Head in cash crisis works for nothing

24th May 1996 at 01:00
The head of a small school in east Yorkshire has agreed to work for nothing and her deputy is on half pay while the school struggles with a financial crisis.

The head, Rosalyn Spencer, set up Oaklands Small School in Airmyn, near Goole, in September 1993 because she wanted her own children, aged 12 and seven, to be taught in smaller classes.

The 20-pupil primary and secondary school, which has two full-time and two part-time staff, is affiliated to Human Scale Education, which believes in a holistic approach to learning with equal emphasis placed on creativity, emotional development and academic achievement. Patrons of the organisation include Birmingham's chief education officer, Tim Brighouse, and environmental campaigner Jonathon Porritt.
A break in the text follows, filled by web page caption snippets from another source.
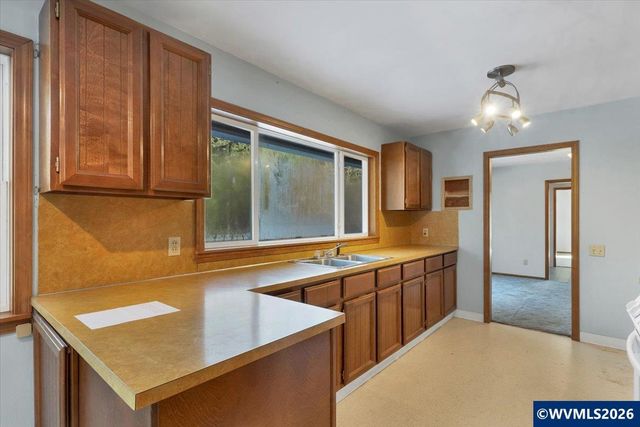 538 Mountain Av SE, Idanha, OR 97350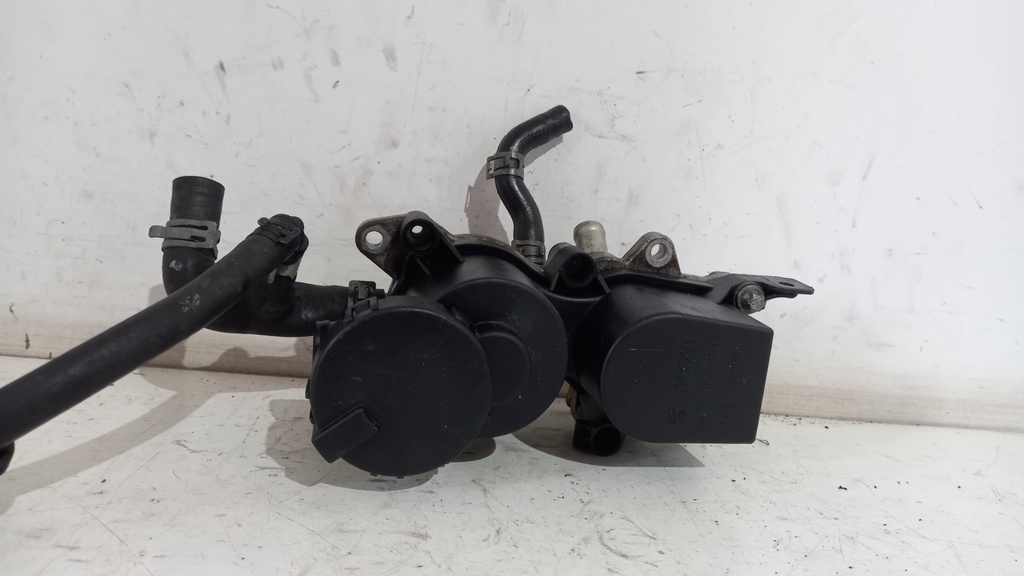 Корпус масляного фильтра Mercedes W169 W245 1.8 2.0 CDI A6400101162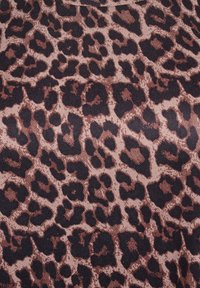 Tessuto animalier con stampa leopardata, caratterizzato da una mescolanza di macchie marrone scuro e nere su uno sfondo marrone chiaro, con una superficie dal design testurizzato.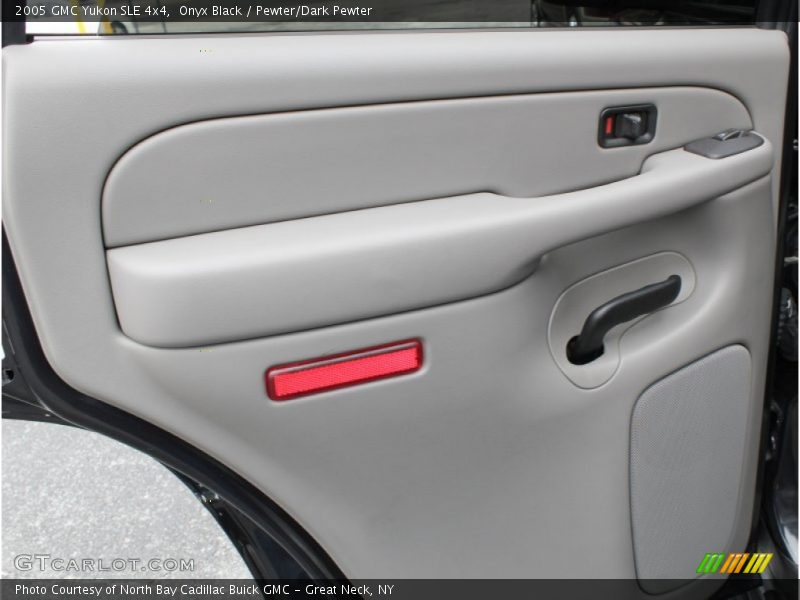 Onyx Black / Pewter/Dark Pewter 2005 GMC Yukon SLE 4x4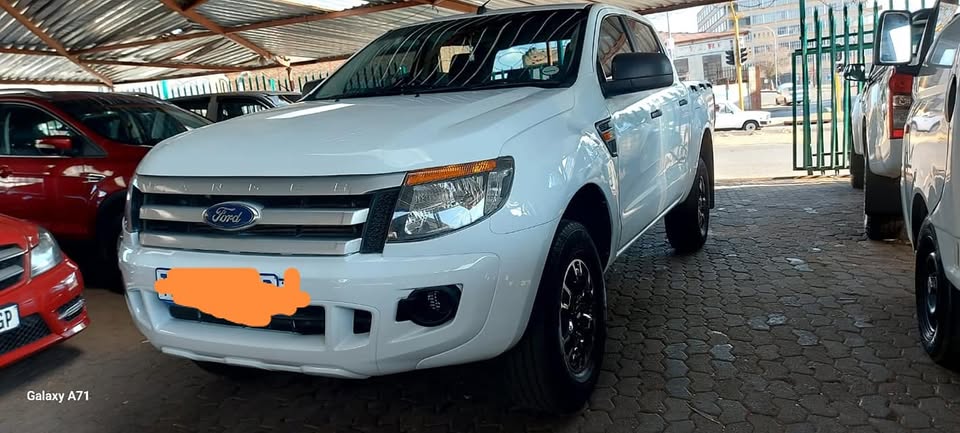Ford Ranger 2.2 6speed Double Cab 4x2 Manual Diesel 2016 White Service History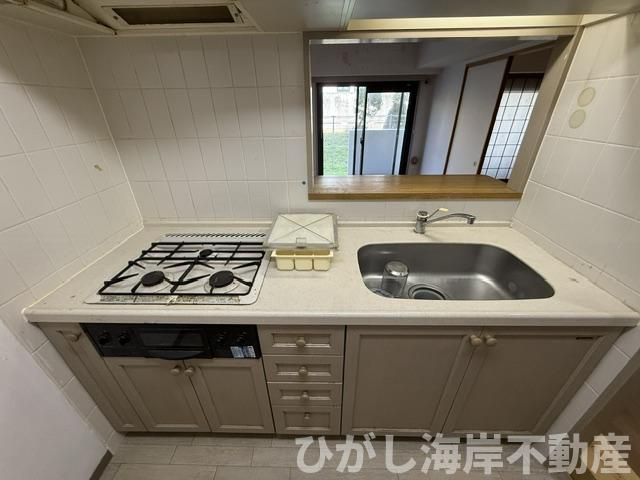ダイアパレス湘南虹ヶ浜オーシャンビュー　のキッチン|7月9日撮影　新規リフォーム中　システムキッチン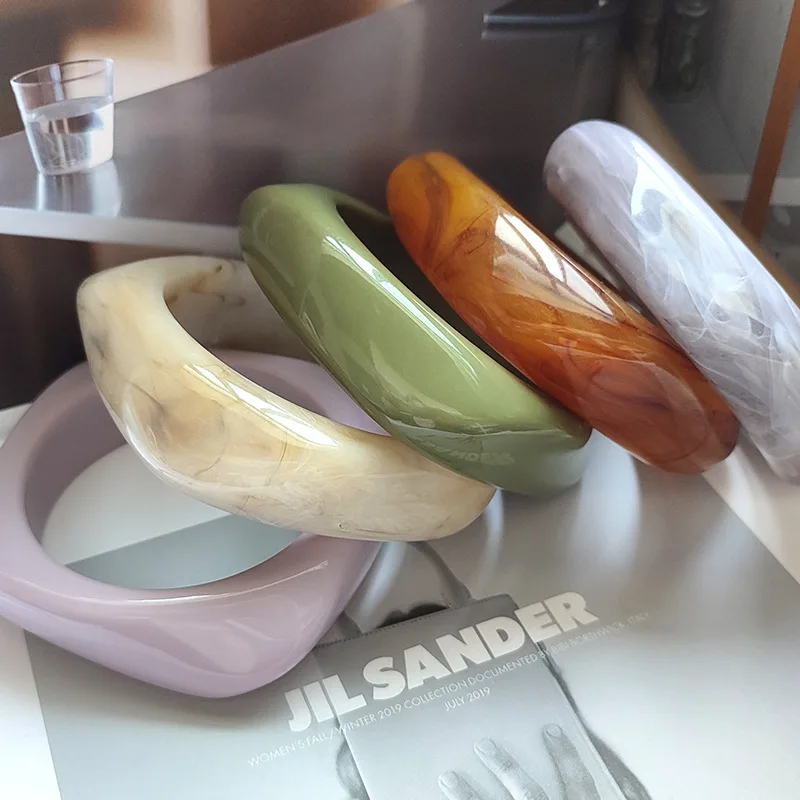 INS Fashion Irregular Bangle&Bracelet Good Quality Acrylic Bangle Resin Transparent Bangle Women Jewelry
INS Fashion Irregular Bangle&Bracelet Good Quality Acrylic Bangle Resin Transparent Bangle Women Jewelry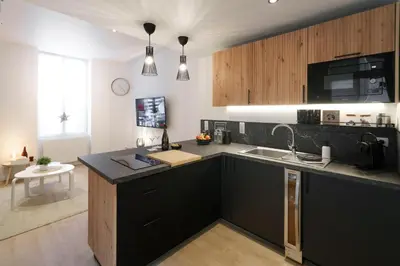 Cuisine ou kitchenette dans l'établissement Bulles de bonheur - hyper centre d'Épernay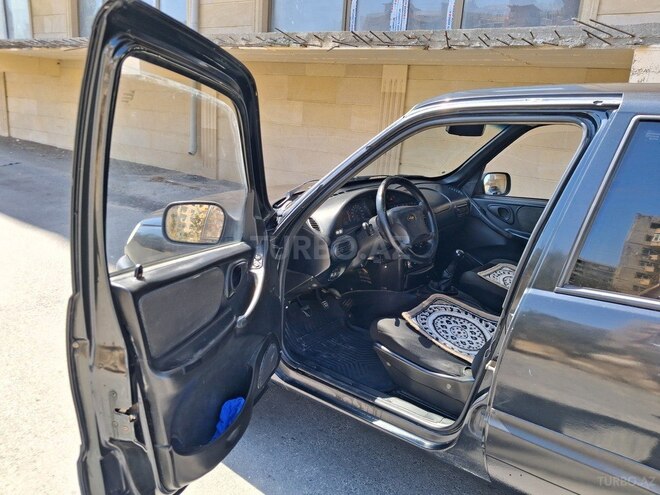 Chevrolet Niva 2008, 621,686 km - 1.7 л - Bakı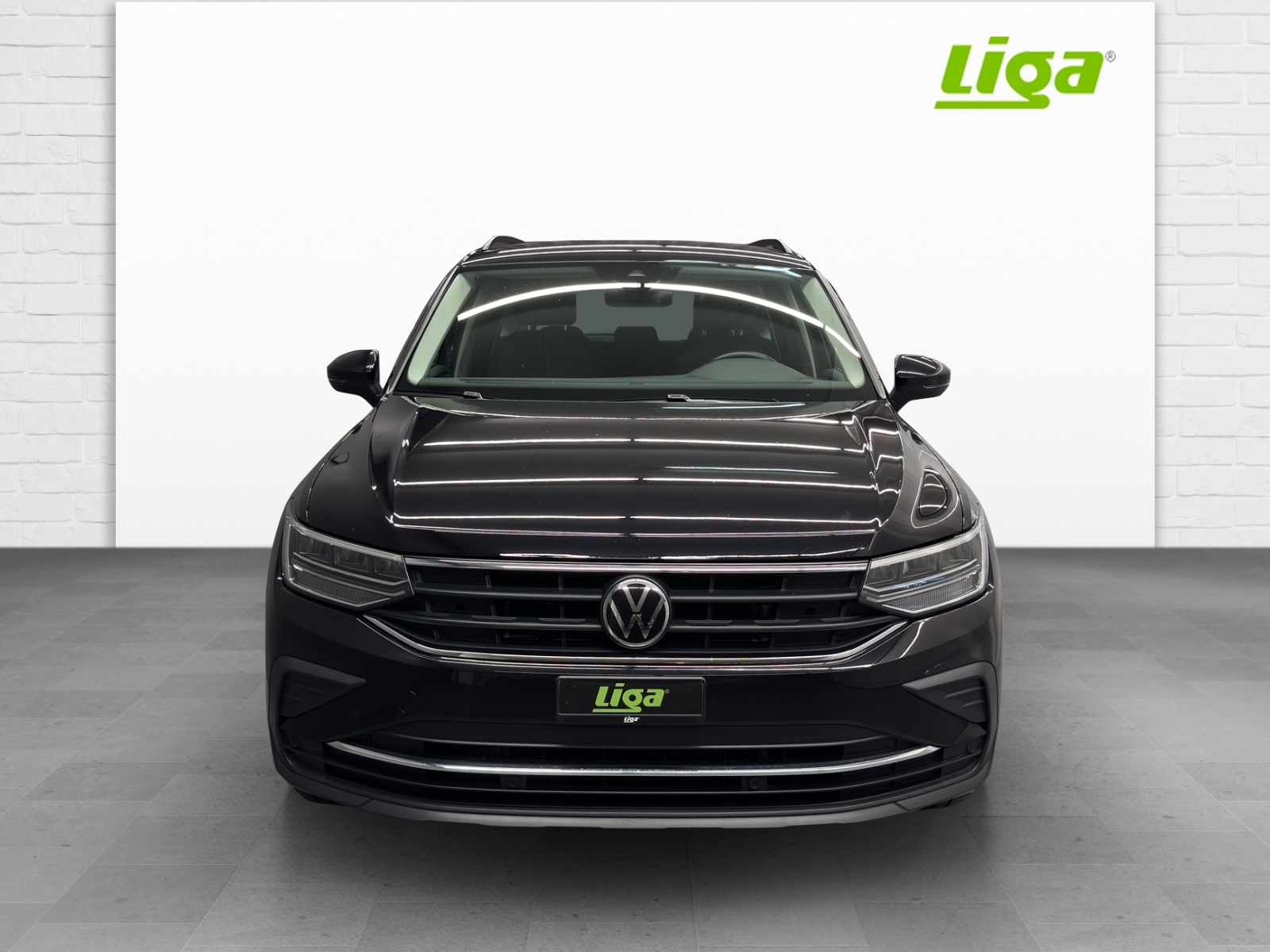 VW Tiguan 2.0 TDI SCR Life DSG-showroom-element-1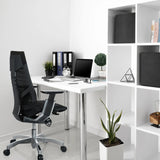 Siège de bureau haut de gamme GENIDIA noir avec dossier en maille à un bureau blanc de hjh OFFICE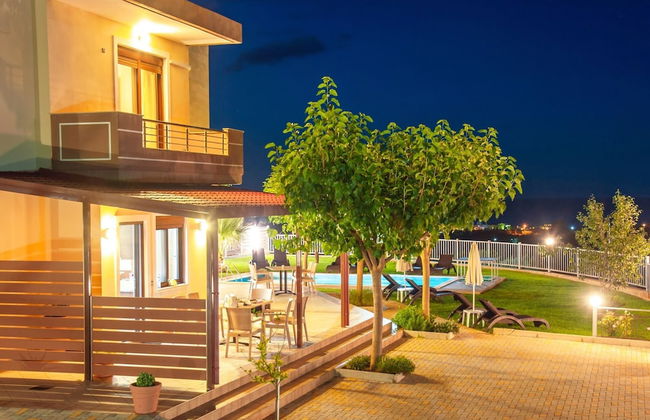 3 Villas Next to Each Other with Pool & Sea View - Foto 24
For the past three years, the school has received Pounds 10,000 from the Tudor Trust, a grant-giving body. The rest of the cash comes from fund-raising and financial contributions from parents. Those who cannot afford to pay help out in other ways, by maintaining the former village-school building, cleaning or doing voluntary teaching.

Recently, however, debts have started to mount and the school faces closure unless other sources of funding can be found.

Deputy head Marjorie Law, who takes home just Pounds 80 a week after agreeing that her salary should be halved, said: "I'd feel so sorry for the children who have benefited so much from the school if it closes. We'll do everything we can to keep it going."

Alison Houston, whose four-year-old son, Kingsley, attends the school's playgroup and will start in the reception class in September, said: "Oaklands has so much to offer that you don't get in the state system. Things are taught in a really fun way. I'm sure we'll struggle on somehow, even if it means moving from house to house."